• _PROBLEM DETAILS_: Quote exactly, and only, the lines of the material below from the line with "Schaerer Axis 400 Operating Table" through the line with "Occhiali da sole Aviatore oro UV400 nuovi".

• _DATA FOR REVIEW_:
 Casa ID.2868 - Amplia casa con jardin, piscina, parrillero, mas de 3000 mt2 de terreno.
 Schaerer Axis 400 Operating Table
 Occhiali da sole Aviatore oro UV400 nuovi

...

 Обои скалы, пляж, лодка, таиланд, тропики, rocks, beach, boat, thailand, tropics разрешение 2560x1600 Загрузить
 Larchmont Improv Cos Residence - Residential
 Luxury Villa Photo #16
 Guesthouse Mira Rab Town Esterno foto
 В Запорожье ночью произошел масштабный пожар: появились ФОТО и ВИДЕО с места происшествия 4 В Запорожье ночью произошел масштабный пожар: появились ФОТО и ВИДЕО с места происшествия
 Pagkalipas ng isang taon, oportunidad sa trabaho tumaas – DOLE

• _ANSWER BOX_:
 Schaerer Axis 400 Operating Table
 Occhiali da sole Aviatore oro UV400 nuovi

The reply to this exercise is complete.